Before the draft, one player Washington was often linked to was USC wideout Drake London. Standing at 6-foot-5 and 209 lbs., London was one of the biggest targets, if not the biggest, in the entire draft. However, the Commanders never had the chance to select London, as Atlanta took him eighth overall.
London's big frame allowed him to have one of the widest catch radiuses of any receiver in this class. At Penn State, Dotson also demonstrated a wide catch radius and, similarly to London, excelled at hauling in 50-50 balls. So, with London not available for Washington, the Commanders selected Dotson -- a player the team feels has a similar skillset even if they differ in size.
At 5-foot-11 and 178 lbs., Dotson is on the smaller size of NFL wide receivers. Rivera doesn't think that will be an issue for him, though, as the head coach pointed back to Dotson's ability to complete contested, tough catches.
"Not necessarily [any concern about his size] just because of his catch radius, his ability to go up and get the football," Rivera said. "Again, the thing that you see is the contested catches. I mean, going after the football, doing those things."
Rivera also pointed out that although the Commanders didn't get the big-bodied receiver in London, Washington's receiver room already consists of multiple players with decent size.
"Terry's over six foot, Dyami [Brown] is over six foot, Cam's [Sims] way over six foot. Dax [Milne] is right at six foot. So, it's not like we have guys that are all 5-8. We don't have the 'fun bunch.' Which would be cool though. It would be," Rivera said.
The 'Fun Bunch' that Rivera referred to was a reference to Washington's skill position group during the early 1980s. The group, headlined by Hall of Famer Art Monk, was known for its excessive celebrations. Within the group, there was a sub-group called 'The Smurfs,' which consisted of Virgil Seay, Alvin Garrett, and Charlie Brown. All three players were 5-foot-10 or shorter, which is where the Smurfs nickname came from.
As Rivera said, Washington isn't recreating the 'Fun Bunch' in Washington. But, the head coach is excited about what the skill-position group is capable of.
"We got a good group of guys that will go after the football, are known for making contested catches and so you want guys with catch radius," Rivera said. "I think that makes up for it more so than anything else is that they have the ability to go up and get the ball."
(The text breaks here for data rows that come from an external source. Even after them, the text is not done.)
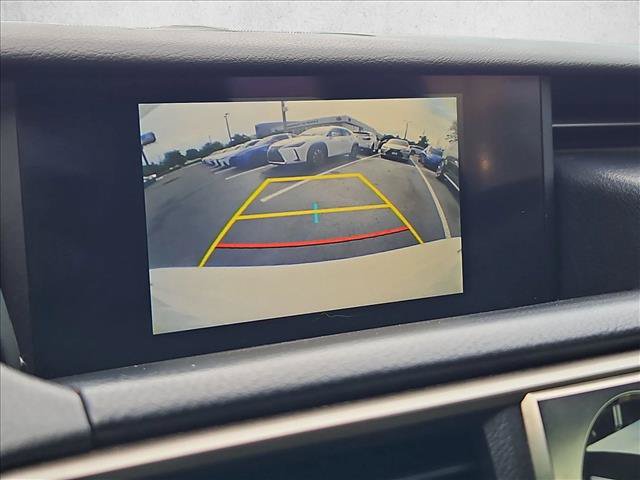 Used 2019 Lexus IS 300 F Sport w/ F Sport Package RWD image 13
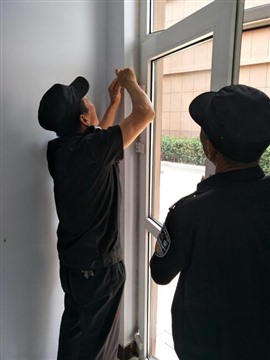 菏泽门窗维修服务 防盗门玻璃门 木门 各种窗户维修
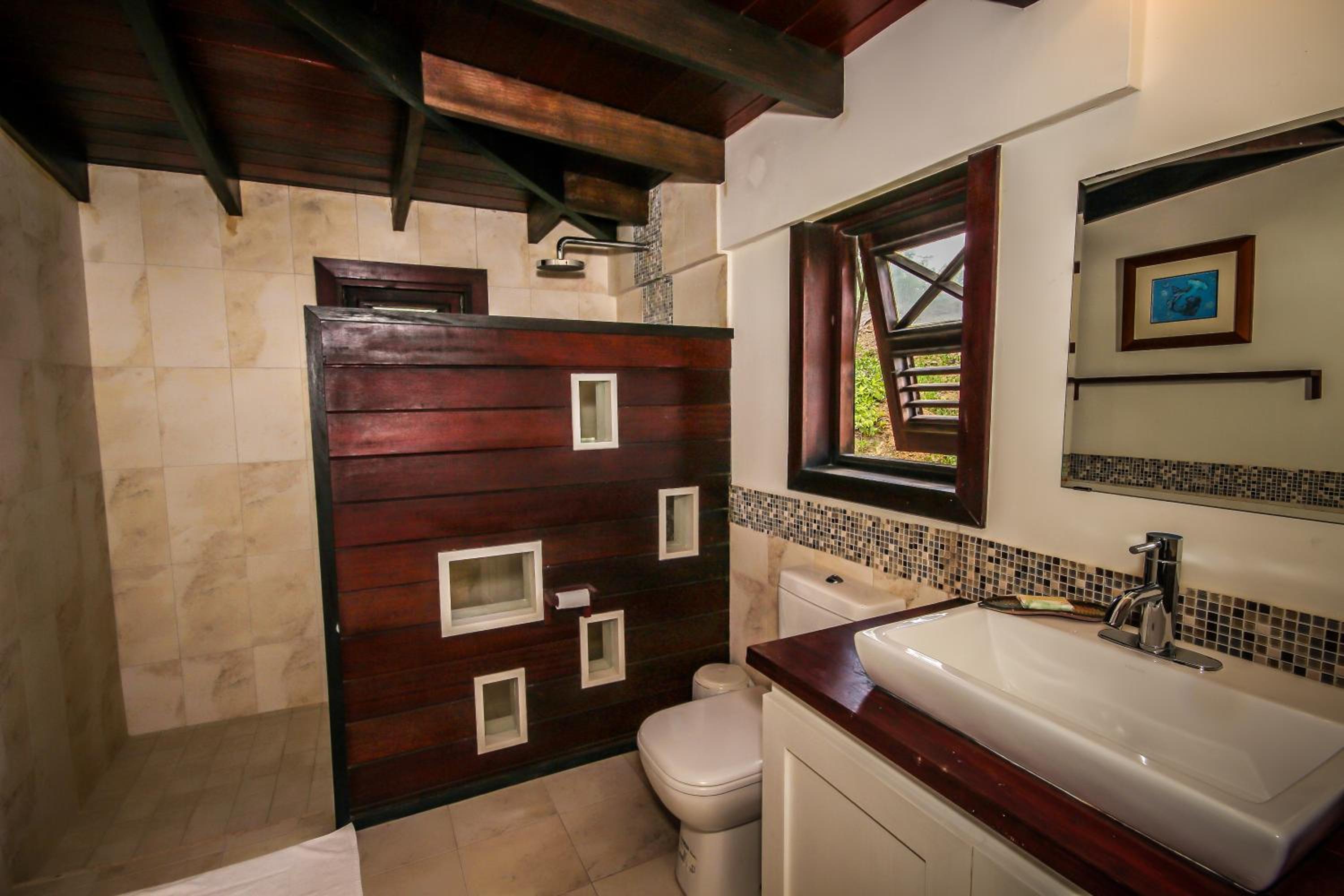 One-Bedroom Suite photo 2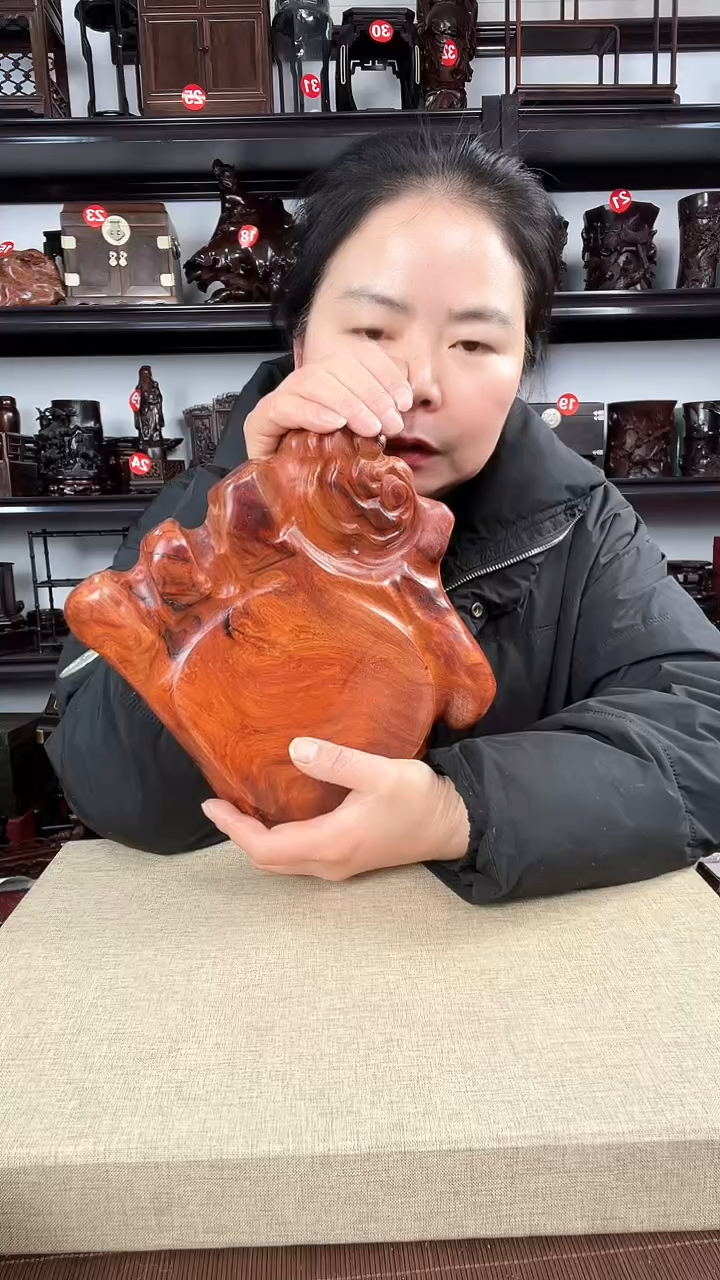 【闪购商品】木787瑕疵老李红木工艺品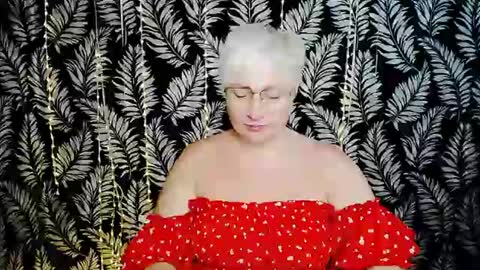 Snapshot of oliviaoskar_ chatting on 06.14.26 Kelly online show from 06.14.26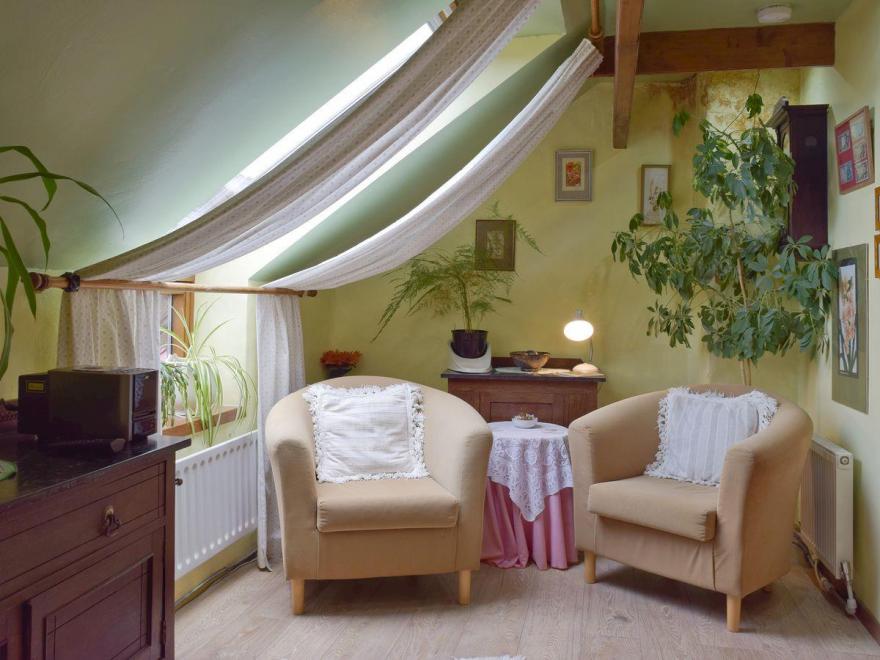 Hanna's Cottage - HW7160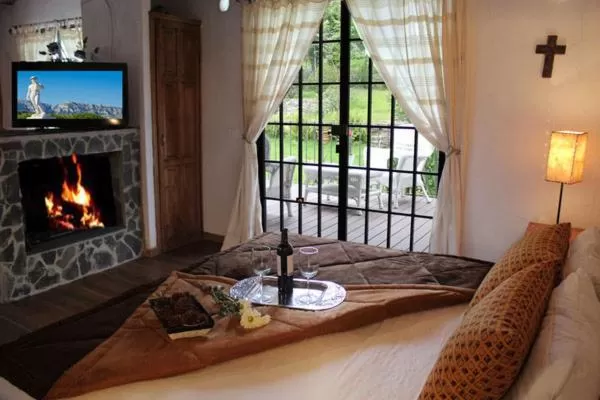 Bed in Hotel Villa Cassis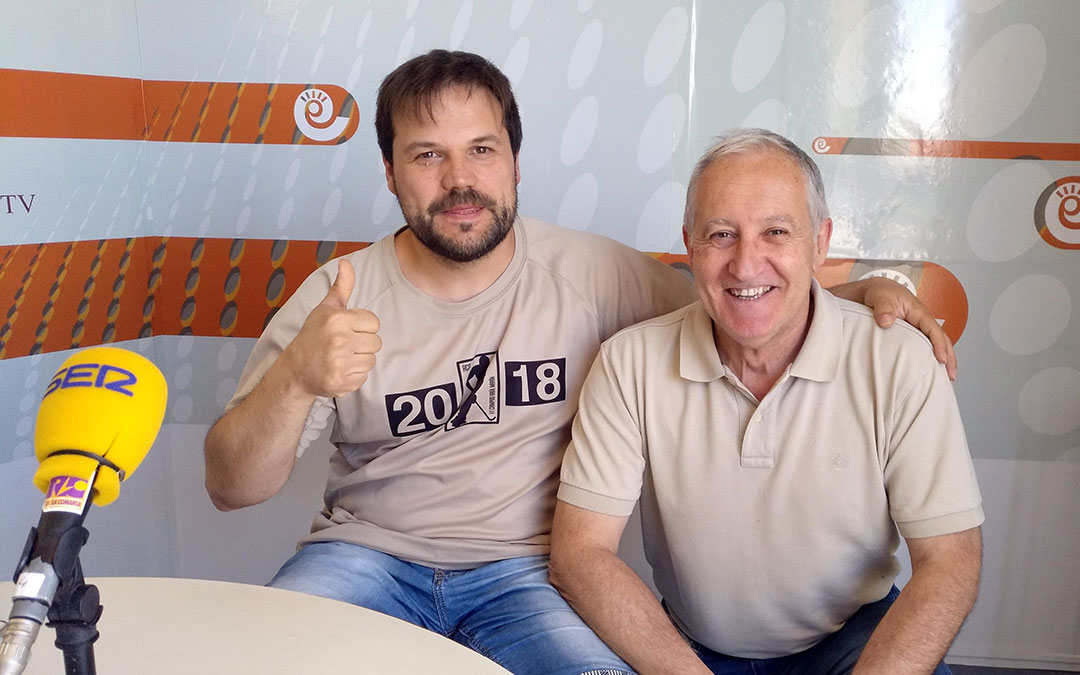 Jesús San Nicolás, del Translop, junto a nuestro compañero Javier Vílchez.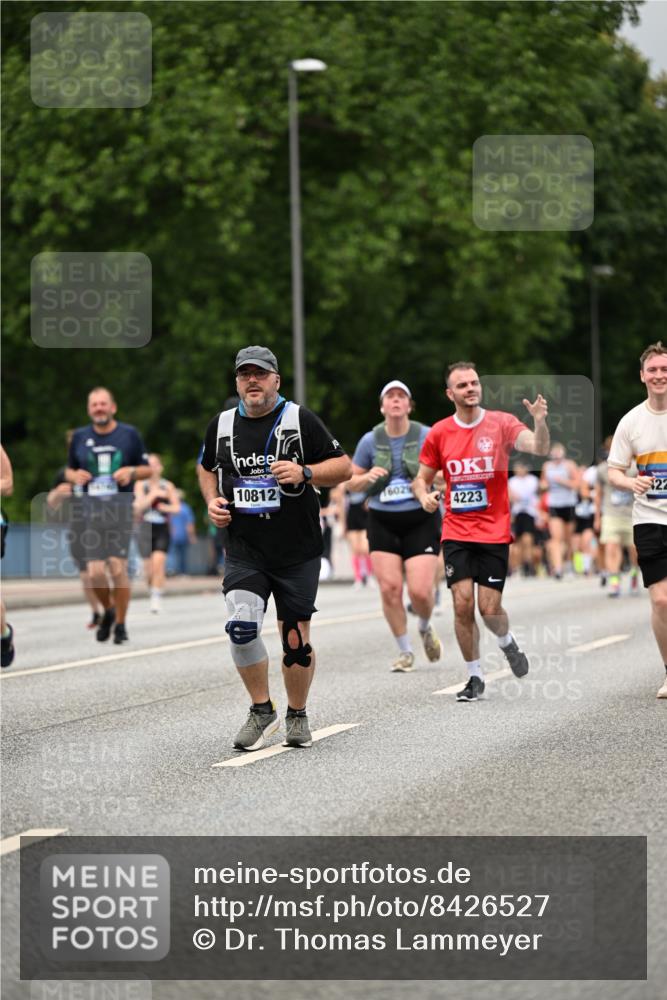29.06.2025 - hella hamburg halbmarathon Dr. Thomas Lammeyer http://msf.ph/oto/8426527 29.06.2025 10:50:29 Kennedybrücke 1060, 1421, 1426, 1695, 1854, 1983, 2008, 2217, 2398, 2917, 2965, 3164, 4099, 4102, 4223, 4224, 5044, 5914, 6124, 6161, 6393, 6788, 6980, 7303, 7530, 7983, 10230, 10367, 10812, 11393 meine-sportfotos.de
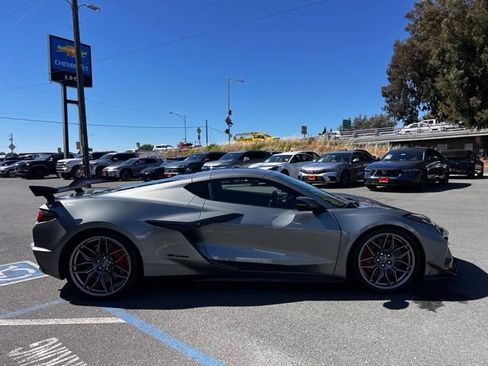 Used 2024 Chevrolet Corvette Z06 w/ Z07 Performance Package RWD image 5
Entering the night, Washington held the 11th overall pick. But with London and Ohio State's Garrett Wilson already off the board, the Commanders made a deal with New Orleans to move back five spots while adding a third- and fourth-round pick. Two other receivers came off the board during those five selections: Ohio State's Chris Olave and Alabama's Jameson Williams.
When the Commanders got back on the clock at No. 16, the team had offers to trade down once again and add even more picks. But Rivera and Mayhew decided against it and zeroed in on Dotson as the selection.
"When we did trade back and we were getting ready to make our pick, some of those same teams were still calling us," Mayhew said. "So, we could have gone back again if we wanted to, but we felt like Jahan was too valuable in that spot to take to pass on him."
Although Washington didn't end up with the wideout many analysts and experts thought it would, Rivera and Mayhew are excited about what Dotson will bring to the table. Wentz should be ecstatic, too.